Research

My name ist Eric Mülling. The title of my doctoral thesis is „Big Data and Digital Disobedience“. My thesis advisors are Professor Dr. Heinz Kleger and Dr. Ansgar Klein. The project is supported by a scholarship from the Friedrich-Ebert-Foundation.

Research project

Big Data does not only stand for new data processing possibilities, it also represents a threat to civil liberties. Edward Snowden’s exposure of the surveillance programs PRISM and Tempora showed for which purposes Big Data can be used. The intelligence service’s huge database systems store dozens of Petabytes of communication flows. Public institutions collect the data of millions of people – without their knowledge and consent. Internet enterprises do the same in the interest of their advertising customers. While protest in different countries remains restrained, net activists try to change these circumstances.

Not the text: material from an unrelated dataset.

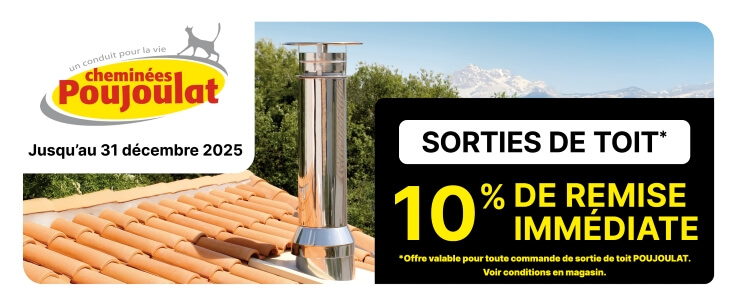 Projet Chauffage - rdv en ligne Poêle, conduit et accessoires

My doctoral thesis’ point of origin is the normative appreciation that justified civil disobedience is an option for resistance. Accordingly, Digital Disobedience would be an internet-focused version of the same phenomenon and therefore a justifiable form of opposition within a liberal democracy. In this regard, Snowden’s actions would be justified and could not be criminalized – not even in reference to security.

My doctoral thesis deals with Big Data techniques, shows their potential risk for actors of digital disobedience and examines the social tension between security and freedom in the network. I aim to answer the following question: How does hegemonic data processing (Big Data) threaten net activists and their digital disobedience?